Ein guter Grund zum Feiern!

Müggelheim entstand vor 275 Jahren durch Pfälzer Einwanderer

Von Bärbel Kovalevski

Die Anordnung der Gehöfte rings um den Dorfanger entsprach einem einheitlichen Bauplan für die Dreiseiten-Gehöfte (oben links). Die ersten Siedler mussten hart arbeiten, um das Land urbar zu machen (rechts). Blick von Müggelheim auf die Müggelberge und Müggelsee (unten links).

Ja, es ist wahr, die Müggelheimer Bürgerinnen und Bürger haben in diesen Tagen Grund zu Stolz und Freude. Sie leben in einem malerischen Ort noch mitten im Grün des Waldes und zwischen blauen Seen wie dem Müggelsee und der Krampe. Die Familien wohnen vorwiegend in Einfamilienhäusern mit Gärten, zum Teil noch an unbefestigten Wegen und doch fehlt nicht das moderne Versorgungsnetz wie Strom, Wasser, Gas und Abwasser. Kein Wunder, dass es immer mehr Menschen hierher zieht, zählt der Ort doch jetzt schon etwa 6900 Einwohner.

Wie jeder Ort, so hat auch Müggelheim seine Geschichte, und die begann vor 275 Jahren, als am 1. Juni 1747 mit der Erbverschreibung die Gründungsurkunde für das pfälzische Dorf auf preußischem Boden ausgestellt wurde und damit 20 Siedlerfamilien mit der Verleihung von „erb- und eigentümlichen Land“ die Grundlage zum Aufbau eines Dorfes in die Hand gegeben wurde.

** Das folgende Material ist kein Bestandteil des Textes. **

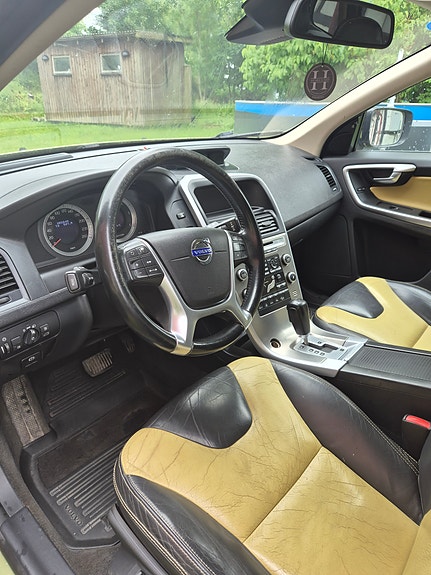 Volvo XC60 7 of 10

Die Gründung des Dorfes Müggelheim basiert auf dem Bemühen des jungen Königs Friedrich II., die Besiedlung von leeren oder bevölkerungsarmen Gebieten voran zu bringen, Arbeitskräfte ins Land zu holen und so die Wirtschaftskraft zu stärken. Dafür bot der König den Kolonisten wirtschaftliche und persönliche Freiheiten. Der preußische Gesandte von Freytag in Frankfurt a. M. verbreitete den Aufruf des Königs, der auch die Pfalz erreichte. 

In Odernheim am Glan im Herzogtum Pfalz-Zweibrücken hatten im Herbst 1746 15 Familien ihre Anwesen und ihren Besitz veräußert, um nach Amerika auszuwandern. Als König Friedrich II. persönlich ihren Boten Friedrich Werger und Veit Port versicherte, dass sie in Preußen willkommen seien, dass sie das Recht erhalten würden auf freie Religionsausübung, Befreiung vom Militärdienst sowie Steuerfreiheit für 15 Jahre und Zahlung der Reise- und Verpflegungskosten, entschloss sich die Gruppe den Traum von Amerika mit einer Zukunft in Preußen zu vertauschen. 

So nahmen im April 1747 fünfzehn Odernheimer und fünf Oberhausener Familien, insgesamt mehr als 90 Männer, Frauen, Kinder, Knechte und Mägde den 600 Kilometer langen Marsch über Frankfurt a. M., Eisenach, Mühlhausen, Wittenberg nach Berlin auf sich.

Insgesamt kamen 265 Familien aus der Pfalz nach Brandenburg, die jedoch vorwiegend als Kolonisten im Oderbruch tätig sein sollten. Den Siedlern aus Odernheim wurde „ein von ihnen zu kultivierendes Gebiet im Amt Cöpenick auf dem Cöpenickschen Werder“ zugewiesen. Die Odernheimer erhielten wohl Land, Bauholz für die Häuser, auch Saatgut, aber im Wesentlichen siedelten sie auf eigene Kosten. Während alle anderen Ansiedlungen dieser Zeit auf Kosten des Königs geschahen und damit die Siedler zu Dienstleistungen und Fronarbeit verpflichtet waren, blieb das gegründete Dorf „Müggelheim“ das einzige selbstständige Dorf mit einem eigenen Schulzen, der die Belange der Gemeinde nach außen und die Schlichtung von Problemen im dörflichen Leben übernahm.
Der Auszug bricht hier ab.